EXERCISE GOAL
In the data below, one line contains "each of us…" and a later one contains "#MassEffect". Print both, with every line between them, exactly and alone.

TASK MATERIAL
====
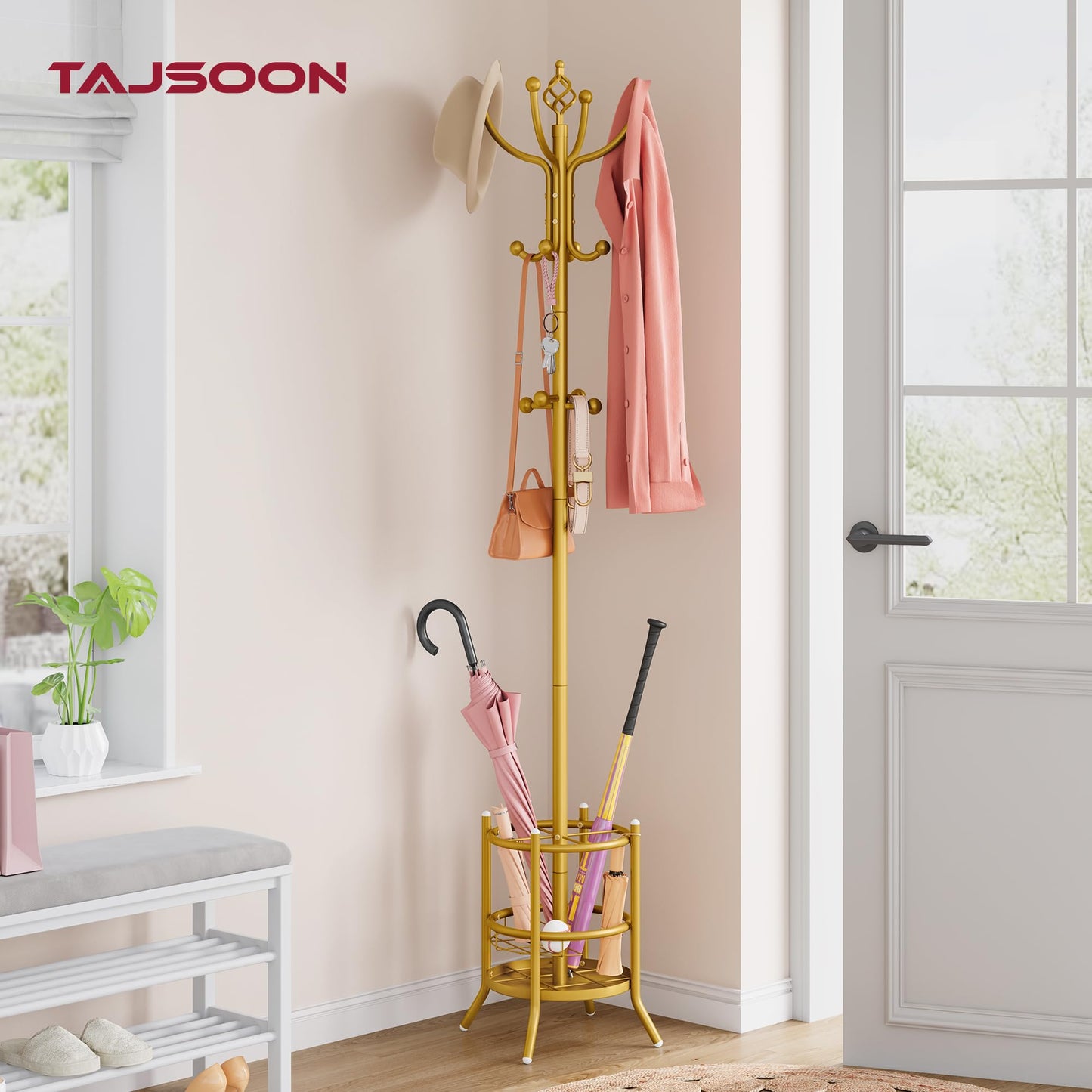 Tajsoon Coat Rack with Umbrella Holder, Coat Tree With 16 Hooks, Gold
====
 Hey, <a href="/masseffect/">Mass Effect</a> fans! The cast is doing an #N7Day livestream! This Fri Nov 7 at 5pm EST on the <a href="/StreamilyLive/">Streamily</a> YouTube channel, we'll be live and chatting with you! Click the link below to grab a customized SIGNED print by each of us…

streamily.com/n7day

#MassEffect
====
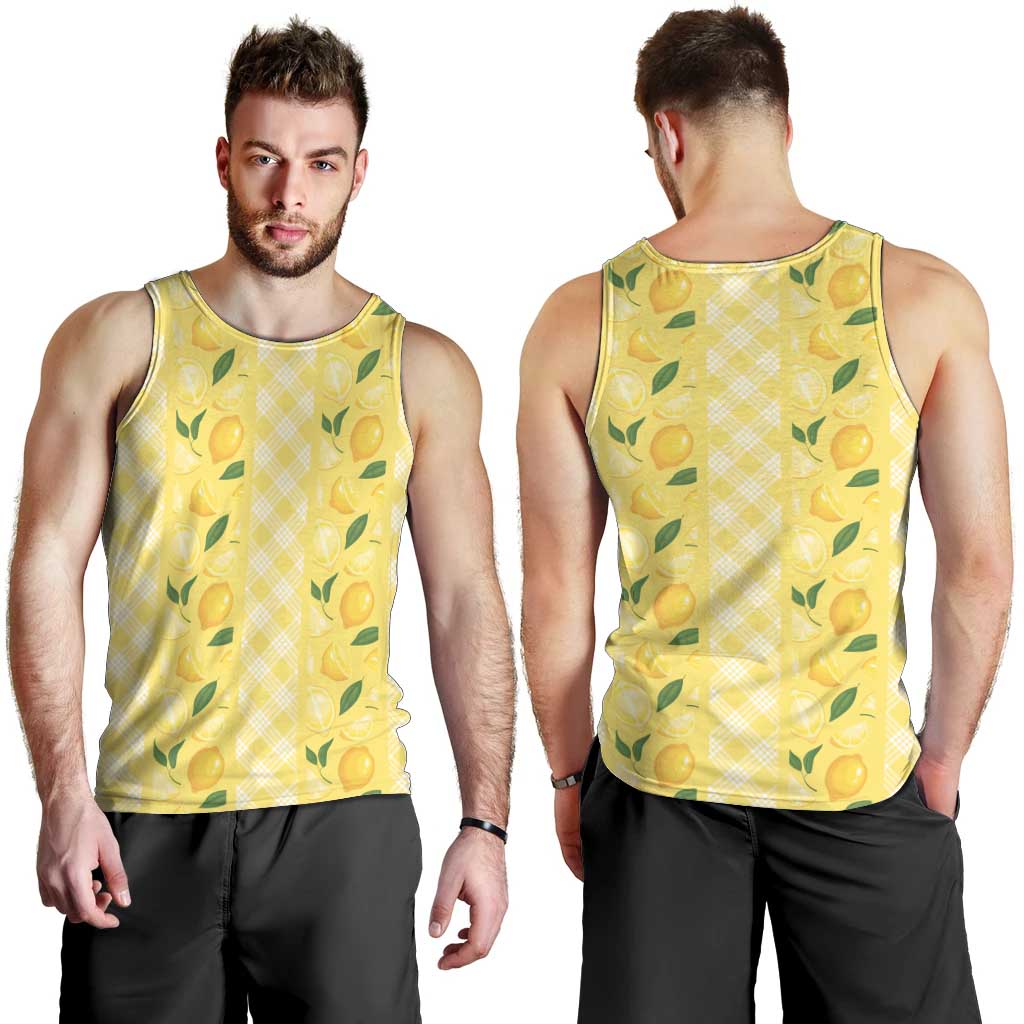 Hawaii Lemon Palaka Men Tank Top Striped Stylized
====
EXERCISE RESULT
 Hey, <a href="/masseffect/">Mass Effect</a> fans! The cast is doing an #N7Day livestream! This Fri Nov 7 at 5pm EST on the <a href="/StreamilyLive/">Streamily</a> YouTube channel, we'll be live and chatting with you! Click the link below to grab a customized SIGNED print by each of us…

streamily.com/n7day

#MassEffect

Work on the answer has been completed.